Logically, none of those should be defined in the basic documentation for MODULE.routing.yml files, as the core/lib/Drupal/Core/Routing doesn't depend on them, and shouldn't need to know about them.

But a developer who wants to read about routing should be able to read a single document that covers everything -- they shouldn't have to go round piecing together from lots of different documents.

Proposed resolution

I think we need a generic system that lets us tie together the documentation for the base structure, and extra elements that extend it.

So this is made up of two things:

1. Mark the documentation for the base structure with an ID. (For the time being, leave the matter of how to document a YML file. Let’s suppose we have a way of doing that.)
2. Mark the documentation for the extending element:
- the ID of the base structure it extends
- the position in the structure it can occupy as either a key or a value

API module can then stitch all these things together by matching the data structure IDs.

Example 1: routing

There’s no set way yet of documenting yml files, but for now let’s just assume the core structure is documented somewhere in core/lib/Drupal/Core/Routing.

This documentation (whatever it may be, a class docblock, an api.php file, some sort of new api.yml file) gets a doxygen tag:

@datastructure routing

Now let’s document the various _title properties of routing files. These are invented in core/lib/Drupal/Core/Controller/TitleResolver.php. Suppose we document these in the docblock for that class:

@datastructurekey routing */defaults/ _title
  Defines a fixed title string for a route.

That says that:
- we’re defining an extra key for a data structure
- it belongs to the ‘routing’ structure
- this key goes in the structure tree at */defaults.
- the name of the key is _title

Example 2: services file

The main thing that extends the services YML structure is new tags. Same thing as above: the base documentation for a services.yml file gets a tag:

@datastructure services

The code that invents a particular tag documents the tag as being part of the services data structure:

@datastructurevalue services services/*/tags mytag
  Documentation about the tag here..

That says that:
- we’re defining an extra value for a data structure
- it belongs to the ‘services’ structure
- this key goes in the structure tree at services/*/tags.
- the value is ‘mytag’

(There’s a proposal for those at https://www.drupal.org/node/2745947, but the proposal is to invent a new docblock tag just for service tags.

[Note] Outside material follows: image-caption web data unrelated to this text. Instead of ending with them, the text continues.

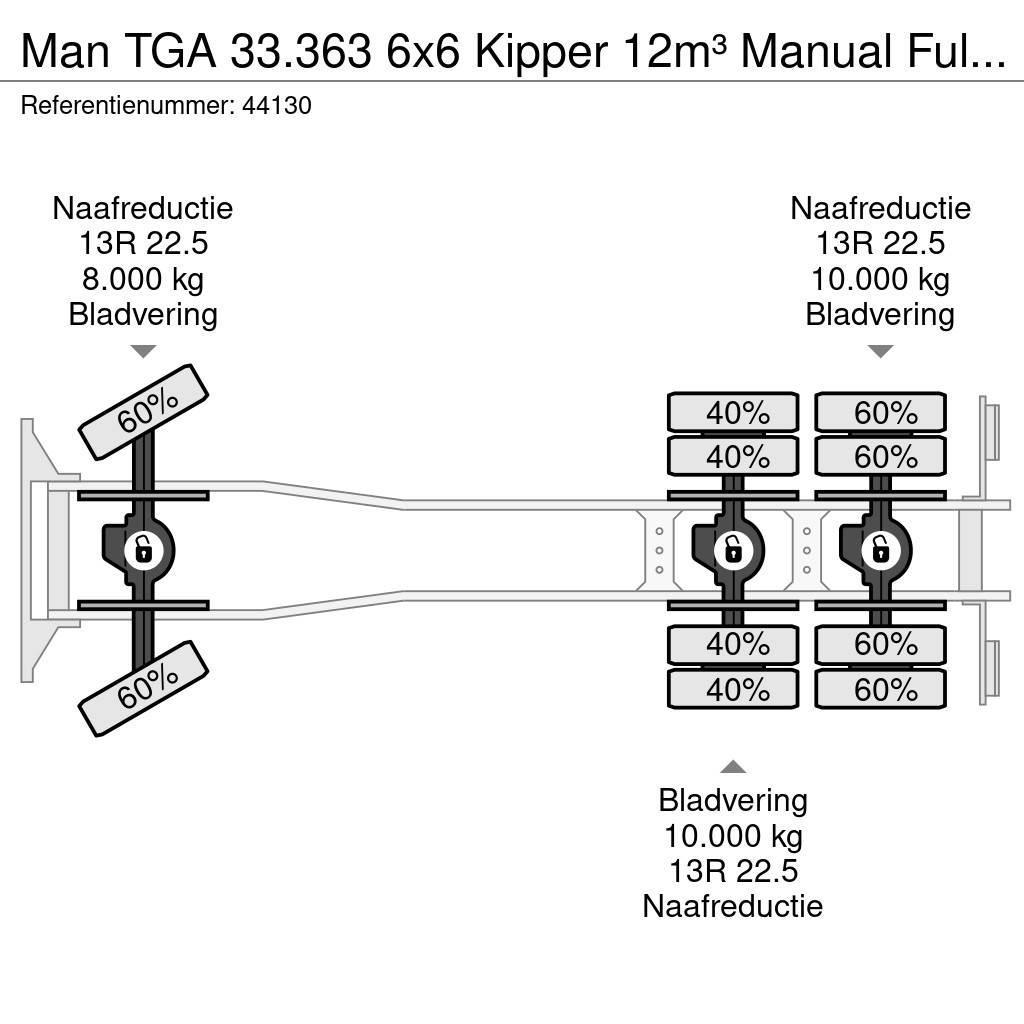 MAN TGA 33.363 6x6 Kipper 12m³ Manual Full steel Sklápače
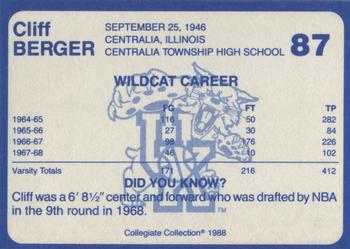 1988-89 Kentucky's Finest Collegiate Collection #87 Cliff Berger Back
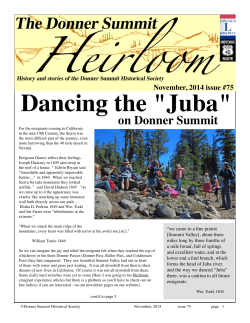 Dancing the &#34;Juba&#34; on Donner Summit November, 2014 issue #75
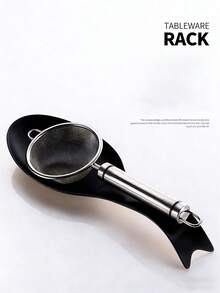 1pc Stainless Steel Spoon Rest Holder Tray For Hot Pot Spoon, Food Clip, Hotel Restaurant Kitchen Utensil Holder - Black - View 5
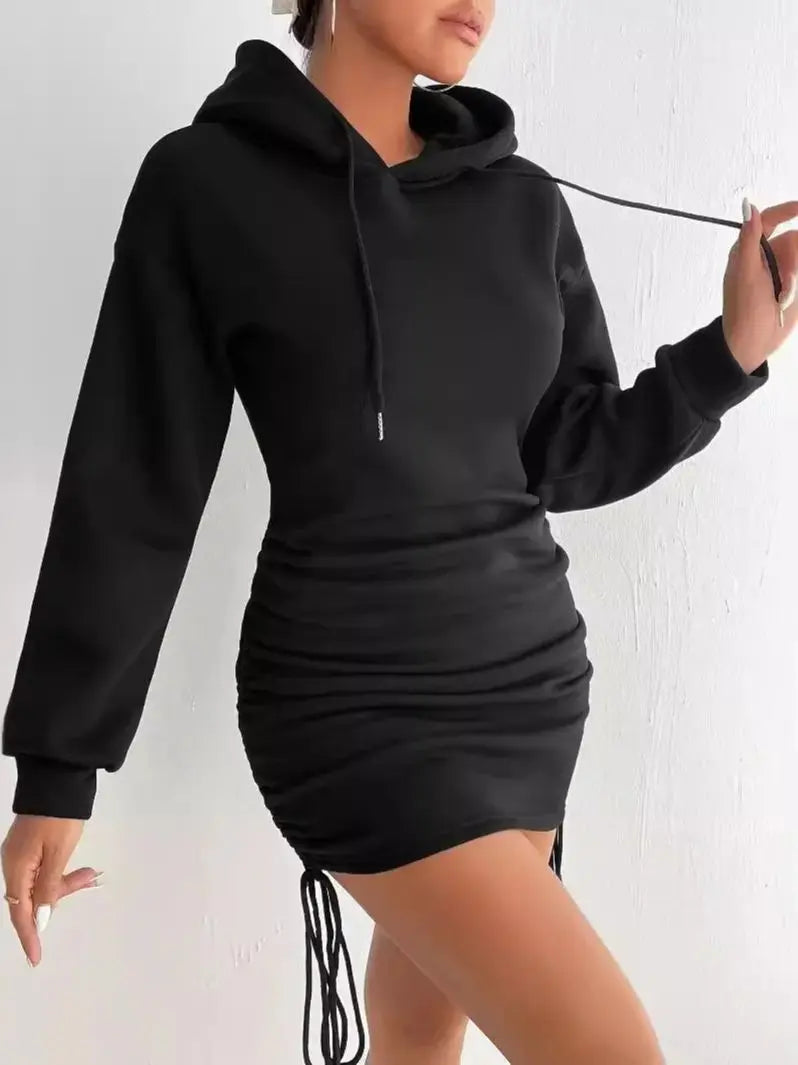 Pleated Hooded Drawstring Sweatshirt Dress for Women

I don’t think it’s maintainable to invent a new docblock tag for each new data structure element we need to document: we’ll end up with hundreds of them and API module will need to be taught about each one.)

Remaining tasks

- Discuss the proposal
- Devise a way to document base structures when these are YML files -- should be in another issue.

Comments

joachim created an issue. See original summary.

joachim’s picture

Issue summary: View changes
joachim’s picture

Issue summary: View changes
jhodgdon’s picture

Could you perhaps put more detail in the issue summary or in a comment? I'm not understanding:
- Where the @datastructure tags go
- Where the @datastructurekey tags go
- Where these would be collected and how they'd be displayed (presumably by the API module)

jhodgdon’s picture

What I'm trying to say is that this is too abstract for me to wrap my brain around, and a concrete example of where these tags would go in actual Core files would really help.

joachim’s picture

Part of the problem is that we don't currently have a way of doing a YML equivalent of an api.php file, which would be needed for this, and for an example to do with structures that are created in YML.

So what I might do instead is an example using FormAPI arrays, since those are all in PHP, and we have ways of documenting PHP.

jhodgdon’s picture

Um... I'm not sure that will make it clearer. We can already write @defgroup topics in PHP files, sprinkled with bullet lists, to document PHP things, along with adding prose/lists to class/function documentation headers.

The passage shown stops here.